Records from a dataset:
★ ★ ★ ★ ★
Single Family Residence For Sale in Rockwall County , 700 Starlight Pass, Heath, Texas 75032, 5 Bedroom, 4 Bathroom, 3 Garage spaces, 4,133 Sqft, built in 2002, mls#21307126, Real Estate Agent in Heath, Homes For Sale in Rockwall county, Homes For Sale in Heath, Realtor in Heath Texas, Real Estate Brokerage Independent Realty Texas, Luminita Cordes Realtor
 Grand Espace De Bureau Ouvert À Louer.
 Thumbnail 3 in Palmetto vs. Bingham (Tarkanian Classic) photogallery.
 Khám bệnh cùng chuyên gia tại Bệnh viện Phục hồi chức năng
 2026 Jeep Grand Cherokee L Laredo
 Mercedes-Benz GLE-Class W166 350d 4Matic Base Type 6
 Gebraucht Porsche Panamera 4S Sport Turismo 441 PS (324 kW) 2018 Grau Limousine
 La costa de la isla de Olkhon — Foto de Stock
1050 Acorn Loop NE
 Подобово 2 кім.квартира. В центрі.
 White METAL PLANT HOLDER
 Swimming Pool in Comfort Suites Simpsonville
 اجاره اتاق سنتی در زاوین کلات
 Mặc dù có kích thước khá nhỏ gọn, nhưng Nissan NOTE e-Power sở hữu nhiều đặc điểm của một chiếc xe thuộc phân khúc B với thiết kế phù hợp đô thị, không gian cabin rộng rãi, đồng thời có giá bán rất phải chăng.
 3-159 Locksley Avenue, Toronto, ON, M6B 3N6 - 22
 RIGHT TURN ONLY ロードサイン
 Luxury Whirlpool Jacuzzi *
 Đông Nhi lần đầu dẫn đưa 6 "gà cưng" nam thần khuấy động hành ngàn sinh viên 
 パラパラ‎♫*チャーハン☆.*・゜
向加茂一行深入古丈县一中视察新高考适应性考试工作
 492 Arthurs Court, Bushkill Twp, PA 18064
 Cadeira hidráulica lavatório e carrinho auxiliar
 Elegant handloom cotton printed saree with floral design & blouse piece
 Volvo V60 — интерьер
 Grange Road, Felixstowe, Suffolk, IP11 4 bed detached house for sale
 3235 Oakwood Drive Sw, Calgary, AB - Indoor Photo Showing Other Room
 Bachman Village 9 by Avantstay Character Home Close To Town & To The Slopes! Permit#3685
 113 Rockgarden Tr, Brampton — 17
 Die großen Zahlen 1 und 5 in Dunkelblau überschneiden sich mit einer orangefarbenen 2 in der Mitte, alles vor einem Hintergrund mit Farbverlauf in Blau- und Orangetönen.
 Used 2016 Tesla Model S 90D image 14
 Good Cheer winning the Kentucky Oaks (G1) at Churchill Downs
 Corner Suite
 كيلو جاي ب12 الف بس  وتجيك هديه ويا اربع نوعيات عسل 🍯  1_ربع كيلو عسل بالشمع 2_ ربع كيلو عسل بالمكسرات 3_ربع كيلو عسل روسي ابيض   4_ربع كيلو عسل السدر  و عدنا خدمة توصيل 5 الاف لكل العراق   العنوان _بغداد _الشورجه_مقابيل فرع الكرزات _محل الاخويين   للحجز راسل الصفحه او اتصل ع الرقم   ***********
★ ★ ★ ★ ★
» Exercise details: Would you copy, unchanged, the stretch of the records above that begins at the line containing "Volvo V60 — интерьер" and ends at the line containing "Corner Suite", and only that?

» Reply to the exercise:
 Volvo V60 — интерьер
 Grange Road, Felixstowe, Suffolk, IP11 4 bed detached house for sale
 3235 Oakwood Drive Sw, Calgary, AB - Indoor Photo Showing Other Room
 Bachman Village 9 by Avantstay Character Home Close To Town & To The Slopes! Permit#3685
 113 Rockgarden Tr, Brampton — 17
 Die großen Zahlen 1 und 5 in Dunkelblau überschneiden sich mit einer orangefarbenen 2 in der Mitte, alles vor einem Hintergrund mit Farbverlauf in Blau- und Orangetönen.
 Used 2016 Tesla Model S 90D image 14
 Good Cheer winning the Kentucky Oaks (G1) at Churchill Downs
 Corner Suite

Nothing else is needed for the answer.